Re: [PATCHv9 11/14] x86/mm: Avoid load_unaligned_zeropad() stepping into unaccepted memory

From: Vlastimil Babka
Date: Mon Apr 03 2023 - 09:28:50 EST


On 3/30/23 13:49, Kirill A. Shutemov wrote:
> load_unaligned_zeropad() can lead to unwanted loads across page boundaries.
> The unwanted loads are typically harmless. But, they might be made to
> totally unrelated or even unmapped memory. load_unaligned_zeropad()
> relies on exception fixup (#PF, #GP and now #VE) to recover from these
> unwanted loads.
>
> But, this approach does not work for unaccepted memory. For TDX, a load
> from unaccepted memory will not lead to a recoverable exception within
> the guest. The guest will exit to the VMM where the only recourse is to
> terminate the guest.
>
> There are three parts to fix this issue and comprehensively avoid access
> to unaccepted memory. Together these ensure that an extra "guard" page
> is accepted in addition to the memory that needs to be used.
>
> 1. Implicitly extend the range_contains_unaccepted_memory(start, end)
> checks up to end+2M if 'end' is aligned on a 2M boundary. It may
> require checking 2M chunk beyond end of RAM. The bitmap allocation is
> modified to accommodate this.
> 2. Implicitly extend accept_memory(start, end) to end+2M if 'end' is
> aligned on a 2M boundary.
> 3. Set PageUnaccepted() on both memory that itself needs to be accepted
> *and* memory where the next page needs to be accepted. Essentially,
> make PageUnaccepted(page) a marker for whether work needs to be done
> to make 'page' usable. That work might include accepting pages in
> addition to 'page' itself.
>
> Side note: This leads to something strange. Pages which were accepted
> at boot, marked by the firmware as accepted and will never
> _need_ to be accepted might have PageUnaccepted() set on
> them. PageUnaccepted(page) is a cue to ensure that the next
> page is accepted before 'page' can be used.

At least the part about PageUnaccepted() is obsolete in v9, no?
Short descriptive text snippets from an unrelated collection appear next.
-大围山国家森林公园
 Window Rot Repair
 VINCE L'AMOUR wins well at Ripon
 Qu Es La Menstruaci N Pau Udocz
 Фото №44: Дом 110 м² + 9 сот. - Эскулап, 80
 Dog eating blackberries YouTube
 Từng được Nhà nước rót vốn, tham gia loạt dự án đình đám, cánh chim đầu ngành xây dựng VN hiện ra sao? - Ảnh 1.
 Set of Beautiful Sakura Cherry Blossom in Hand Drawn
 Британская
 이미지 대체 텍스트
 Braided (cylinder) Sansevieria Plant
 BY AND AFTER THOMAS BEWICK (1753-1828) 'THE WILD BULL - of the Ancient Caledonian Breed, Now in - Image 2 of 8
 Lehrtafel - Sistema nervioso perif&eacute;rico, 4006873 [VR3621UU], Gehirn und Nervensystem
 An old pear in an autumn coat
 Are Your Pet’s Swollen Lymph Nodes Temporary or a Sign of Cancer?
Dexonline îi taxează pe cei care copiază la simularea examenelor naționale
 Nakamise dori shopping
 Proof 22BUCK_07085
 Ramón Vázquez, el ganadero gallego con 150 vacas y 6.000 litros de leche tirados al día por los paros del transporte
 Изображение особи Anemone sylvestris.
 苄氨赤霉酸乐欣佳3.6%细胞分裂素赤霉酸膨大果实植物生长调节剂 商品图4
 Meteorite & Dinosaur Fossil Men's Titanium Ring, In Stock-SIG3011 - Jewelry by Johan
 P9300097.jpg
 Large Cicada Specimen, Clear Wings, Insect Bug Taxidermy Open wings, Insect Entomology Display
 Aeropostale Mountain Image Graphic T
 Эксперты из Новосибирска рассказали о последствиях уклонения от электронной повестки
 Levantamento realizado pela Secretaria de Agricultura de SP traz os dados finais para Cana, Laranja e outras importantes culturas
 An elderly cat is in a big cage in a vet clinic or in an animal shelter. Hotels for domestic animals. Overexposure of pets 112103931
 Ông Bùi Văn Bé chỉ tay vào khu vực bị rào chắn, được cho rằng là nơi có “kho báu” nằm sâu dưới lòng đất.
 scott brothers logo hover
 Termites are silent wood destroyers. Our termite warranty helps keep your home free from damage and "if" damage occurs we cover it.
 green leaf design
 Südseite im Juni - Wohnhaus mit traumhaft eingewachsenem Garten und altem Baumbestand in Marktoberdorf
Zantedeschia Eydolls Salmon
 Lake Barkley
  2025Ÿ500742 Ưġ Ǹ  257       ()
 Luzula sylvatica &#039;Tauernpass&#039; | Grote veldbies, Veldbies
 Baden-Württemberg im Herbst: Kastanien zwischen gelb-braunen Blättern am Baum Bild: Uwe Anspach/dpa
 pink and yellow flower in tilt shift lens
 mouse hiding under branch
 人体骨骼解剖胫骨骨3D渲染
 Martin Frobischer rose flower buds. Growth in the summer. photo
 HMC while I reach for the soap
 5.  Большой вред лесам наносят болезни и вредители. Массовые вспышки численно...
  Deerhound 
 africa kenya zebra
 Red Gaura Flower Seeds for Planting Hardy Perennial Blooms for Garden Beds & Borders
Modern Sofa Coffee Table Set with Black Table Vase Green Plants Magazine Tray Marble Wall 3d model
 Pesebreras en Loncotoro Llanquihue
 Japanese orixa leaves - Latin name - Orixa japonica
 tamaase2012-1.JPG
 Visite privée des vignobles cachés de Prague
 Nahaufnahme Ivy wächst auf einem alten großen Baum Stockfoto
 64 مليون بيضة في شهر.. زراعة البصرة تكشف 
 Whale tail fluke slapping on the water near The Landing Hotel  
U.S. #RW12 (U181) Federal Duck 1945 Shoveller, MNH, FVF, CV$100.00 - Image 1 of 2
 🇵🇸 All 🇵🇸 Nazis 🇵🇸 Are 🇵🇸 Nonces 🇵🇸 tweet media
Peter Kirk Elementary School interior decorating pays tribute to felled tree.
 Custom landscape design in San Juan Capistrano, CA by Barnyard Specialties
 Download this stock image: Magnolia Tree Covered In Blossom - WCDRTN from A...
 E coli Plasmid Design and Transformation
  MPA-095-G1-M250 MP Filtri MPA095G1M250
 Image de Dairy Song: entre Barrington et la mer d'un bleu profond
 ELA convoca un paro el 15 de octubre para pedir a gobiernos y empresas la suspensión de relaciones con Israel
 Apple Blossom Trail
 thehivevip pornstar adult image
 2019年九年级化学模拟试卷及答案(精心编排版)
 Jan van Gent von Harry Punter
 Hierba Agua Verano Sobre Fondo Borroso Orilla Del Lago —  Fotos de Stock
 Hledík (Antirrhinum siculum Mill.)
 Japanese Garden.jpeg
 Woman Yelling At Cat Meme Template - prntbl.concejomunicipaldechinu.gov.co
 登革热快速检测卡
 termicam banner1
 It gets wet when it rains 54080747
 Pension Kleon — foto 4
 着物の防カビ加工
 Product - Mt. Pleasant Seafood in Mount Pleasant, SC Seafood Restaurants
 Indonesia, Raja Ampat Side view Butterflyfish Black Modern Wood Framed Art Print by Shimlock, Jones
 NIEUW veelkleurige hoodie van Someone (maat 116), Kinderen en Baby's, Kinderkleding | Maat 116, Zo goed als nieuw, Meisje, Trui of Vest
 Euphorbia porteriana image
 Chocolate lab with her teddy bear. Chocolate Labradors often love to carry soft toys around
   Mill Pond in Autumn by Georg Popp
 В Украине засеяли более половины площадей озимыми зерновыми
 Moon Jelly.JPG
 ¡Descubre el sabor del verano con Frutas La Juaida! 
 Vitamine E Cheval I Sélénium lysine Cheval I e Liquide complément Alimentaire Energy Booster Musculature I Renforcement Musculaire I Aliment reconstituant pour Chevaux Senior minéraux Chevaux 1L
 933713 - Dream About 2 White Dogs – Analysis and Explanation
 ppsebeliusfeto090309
> This is an actual, real-world problem which was discovered during TDX
> testing.
>
> Signed-off-by: Kirill A. Shutemov <kirill.shutemov@xxxxxxxxxxxxxxx>
> Reviewed-by: Dave Hansen <dave.hansen@xxxxxxxxxxxxxxx>
> ---
> arch/x86/mm/unaccepted_memory.c | 39 +++++++++++++++++++++++++
> drivers/firmware/efi/libstub/x86-stub.c | 7 +++++
> 2 files changed, 46 insertions(+)
>
> diff --git a/arch/x86/mm/unaccepted_memory.c b/arch/x86/mm/unaccepted_memory.c
> index 1df918b21469..a0a58486eb74 100644
> --- a/arch/x86/mm/unaccepted_memory.c
> +++ b/arch/x86/mm/unaccepted_memory.c
> @@ -23,6 +23,38 @@ void accept_memory(phys_addr_t start, phys_addr_t end)
> bitmap = __va(boot_params.unaccepted_memory);
> range_start = start / PMD_SIZE;
>
> + /*
> + * load_unaligned_zeropad() can lead to unwanted loads across page
> + * boundaries. The unwanted loads are typically harmless. But, they
> + * might be made to totally unrelated or even unmapped memory.
> + * load_unaligned_zeropad() relies on exception fixup (#PF, #GP and now
> + * #VE) to recover from these unwanted loads.
> + *
> + * But, this approach does not work for unaccepted memory. For TDX, a
> + * load from unaccepted memory will not lead to a recoverable exception
> + * within the guest. The guest will exit to the VMM where the only
> + * recourse is to terminate the guest.
> + *
> + * There are three parts to fix this issue and comprehensively avoid
> + * access to unaccepted memory. Together these ensure that an extra
> + * "guard" page is accepted in addition to the memory that needs to be
> + * used:
> + *
> + * 1. Implicitly extend the range_contains_unaccepted_memory(start, end)
> + * checks up to end+2M if 'end' is aligned on a 2M boundary.
> + *
> + * 2. Implicitly extend accept_memory(start, end) to end+2M if 'end' is
> + * aligned on a 2M boundary. (immediately following this comment)
> + *
> + * 3. Set PageUnaccepted() on both memory that itself needs to be
> + * accepted *and* memory where the next page needs to be accepted.
> + * Essentially, make PageUnaccepted(page) a marker for whether work
> + * needs to be done to make 'page' usable. That work might include
> + * accepting pages in addition to 'page' itself.
> + */

And here.

> + if (!(end % PMD_SIZE))
> + end += PMD_SIZE;
> +
> spin_lock_irqsave(&unaccepted_memory_lock, flags);
> for_each_set_bitrange_from(range_start, range_end, bitmap,
> DIV_ROUND_UP(end, PMD_SIZE)) {
> @@ -46,6 +78,13 @@ bool range_contains_unaccepted_memory(phys_addr_t start, phys_addr_t end)
>
> bitmap = __va(boot_params.unaccepted_memory);
>
> + /*
> + * Also consider the unaccepted state of the *next* page. See fix #1 in
> + * the comment on load_unaligned_zeropad() in accept_memory().
> + */
> + if (!(end % PMD_SIZE))
> + end += PMD_SIZE;
> +
> spin_lock_irqsave(&unaccepted_memory_lock, flags);
> while (start < end) {
> if (test_bit(start / PMD_SIZE, bitmap)) {
> diff --git a/drivers/firmware/efi/libstub/x86-stub.c b/drivers/firmware/efi/libstub/x86-stub.c
> index 1643ddbde249..1afe7b5b02e1 100644
> --- a/drivers/firmware/efi/libstub/x86-stub.c
> +++ b/drivers/firmware/efi/libstub/x86-stub.c
> @@ -715,6 +715,13 @@ static efi_status_t allocate_unaccepted_bitmap(struct boot_params *params,
> return EFI_SUCCESS;
> }
>
> + /*
> + * range_contains_unaccepted_memory() may need to check one 2M chunk
> + * beyond the end of RAM to deal with load_unaligned_zeropad(). Make
> + * sure that the bitmap is large enough handle it.
> + */
> + max_addr += PMD_SIZE;
> +
> /*
> * If unaccepted memory is present, allocate a bitmap to track what
> * memory has to be accepted before access.